PROVIDED MATERIAL —
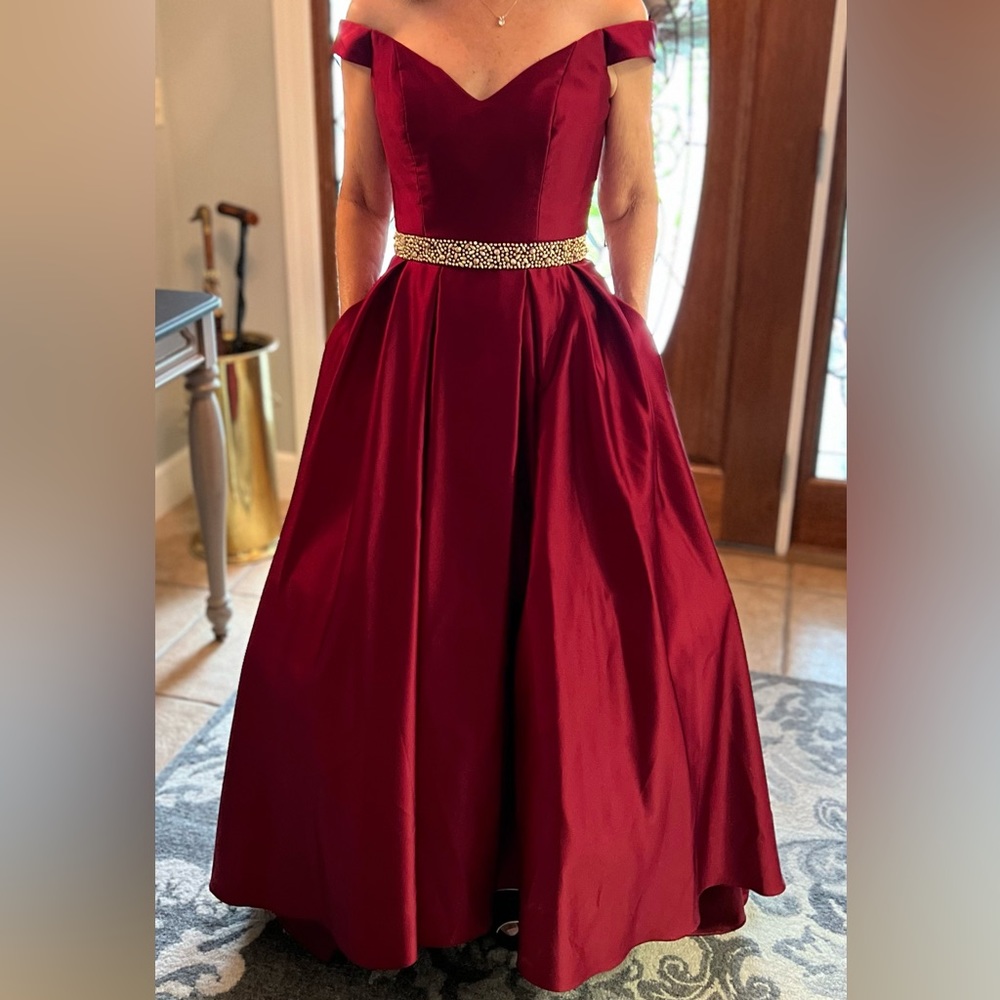 Betsy Adam Off the Shoulder Gown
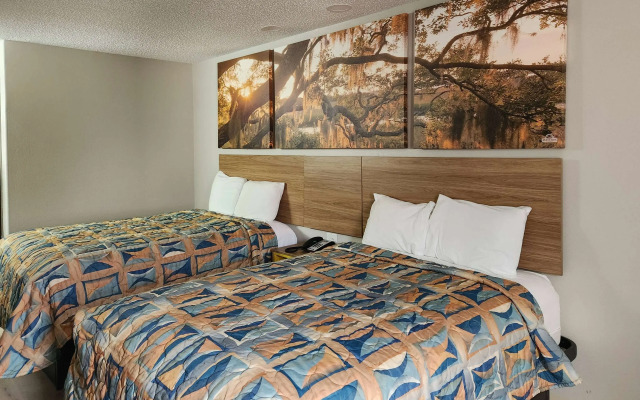 Days Inn by Wyndham Lafayette Scott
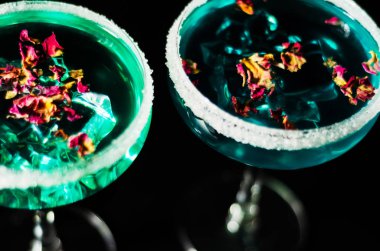 Lezzetli ve renkli içecekler dayalı çeşitli alkoller, şuruplar ve Likörler, benzersiz bir etki barmenin iş, gece parti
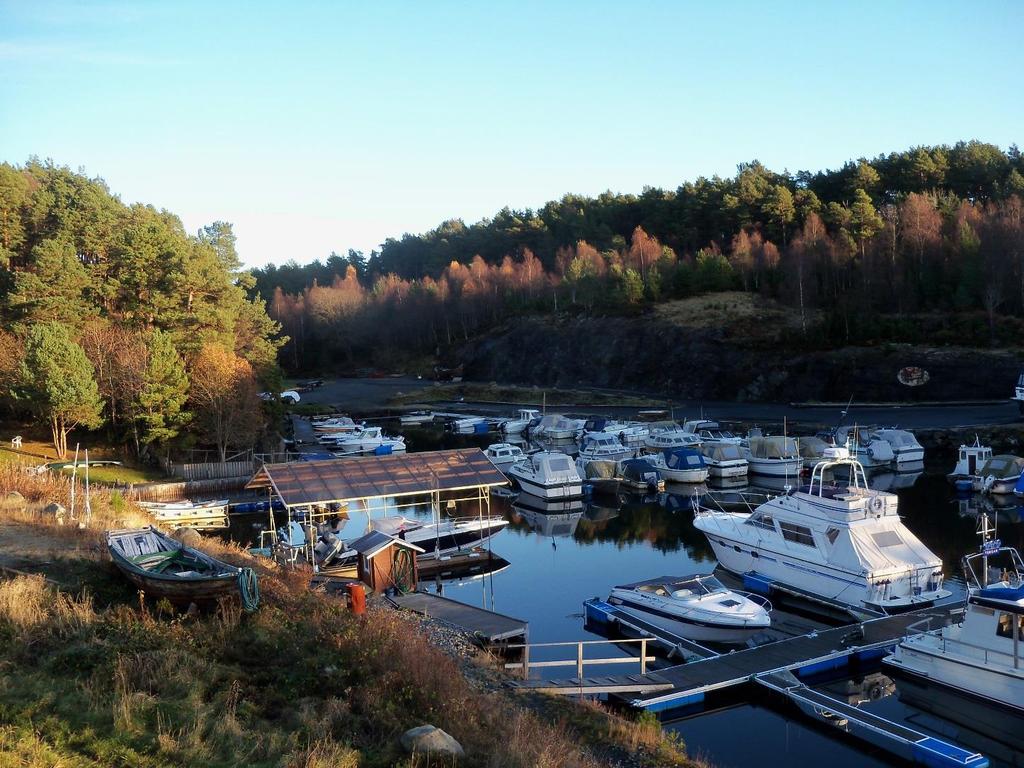 5 2.4 Landskapsvurdering. Området ligg rundt Hornelandsvågen, som er ein naturleg våg. Inste delen av vågen var tidlegare ei grunn evje, som ikkje var framkommeleg.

GOAL OF THE EXERCISE — Output the lines above in full and exactly as given, omitting any pictures.

EXERCISE SOLUTION —
 Betsy Adam Off the Shoulder Gown
 Days Inn by Wyndham Lafayette Scott
 Lezzetli ve renkli içecekler dayalı çeşitli alkoller, şuruplar ve Likörler, benzersiz bir etki barmenin iş, gece parti
 5 2.4 Landskapsvurdering. Området ligg rundt Hornelandsvågen, som er ein naturleg våg. Inste delen av vågen var tidlegare ei grunn evje, som ikkje var framkommeleg.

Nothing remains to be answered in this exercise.